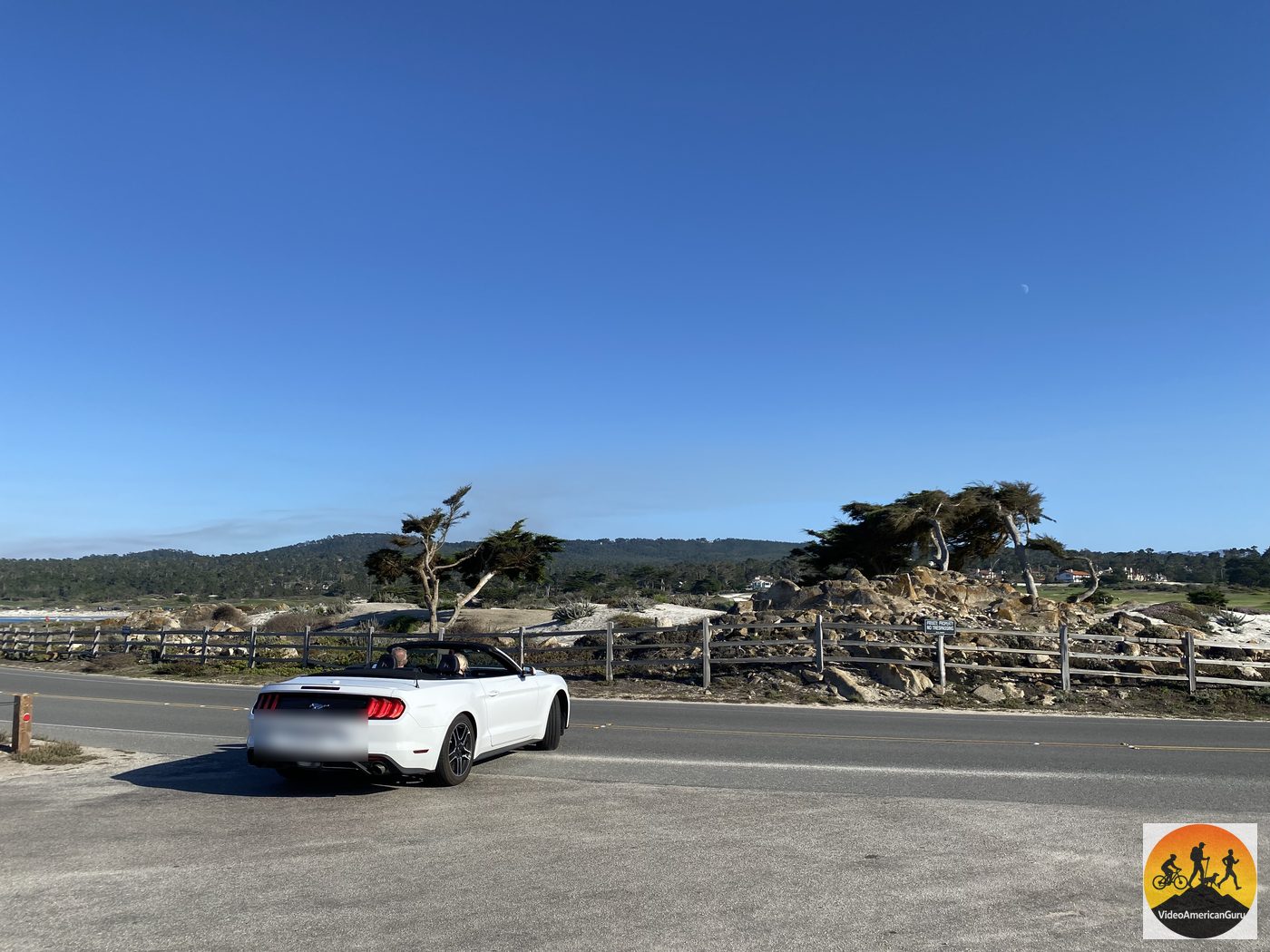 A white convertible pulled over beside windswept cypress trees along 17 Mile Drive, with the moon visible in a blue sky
* * *
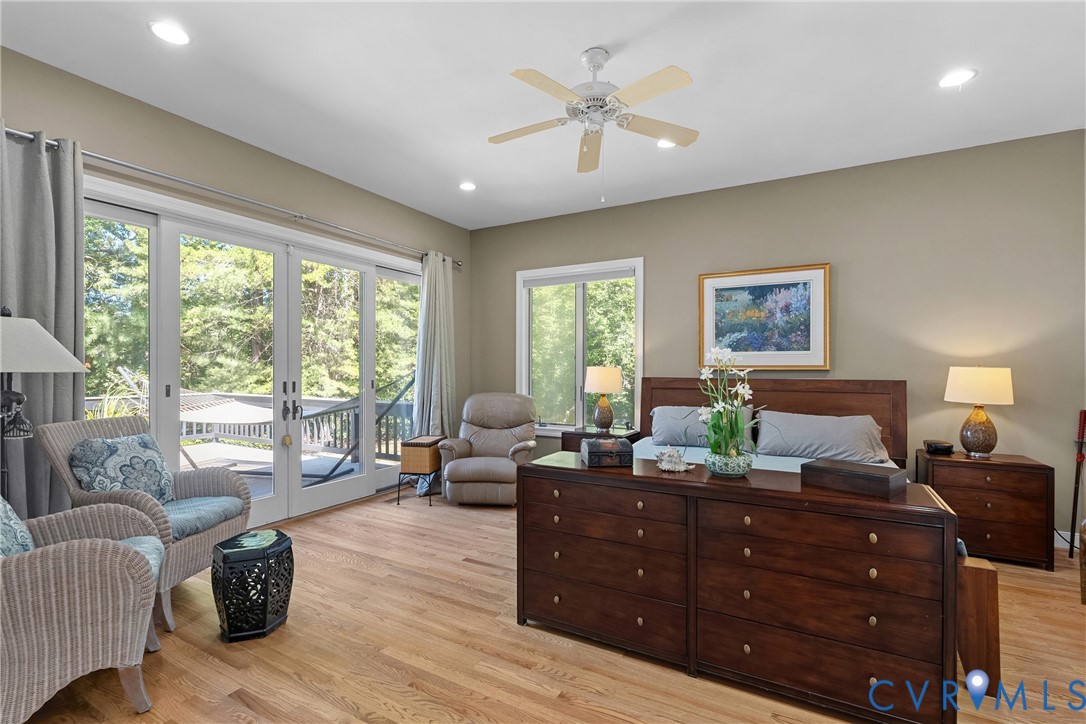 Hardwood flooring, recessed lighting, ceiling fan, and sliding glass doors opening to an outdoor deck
* * *
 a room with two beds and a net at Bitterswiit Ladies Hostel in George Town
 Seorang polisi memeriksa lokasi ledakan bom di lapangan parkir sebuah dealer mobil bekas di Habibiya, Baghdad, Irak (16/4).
* * *
In the entries above, find the line with "a room with" and the line with "Seorang polisi memeriksa", then restate word for word both of them and every line between, with nothing more.

 a room with two beds and a net at Bitterswiit Ladies Hostel in George Town
 Seorang polisi memeriksa lokasi ledakan bom di lapangan parkir sebuah dealer mobil bekas di Habibiya, Baghdad, Irak (16/4).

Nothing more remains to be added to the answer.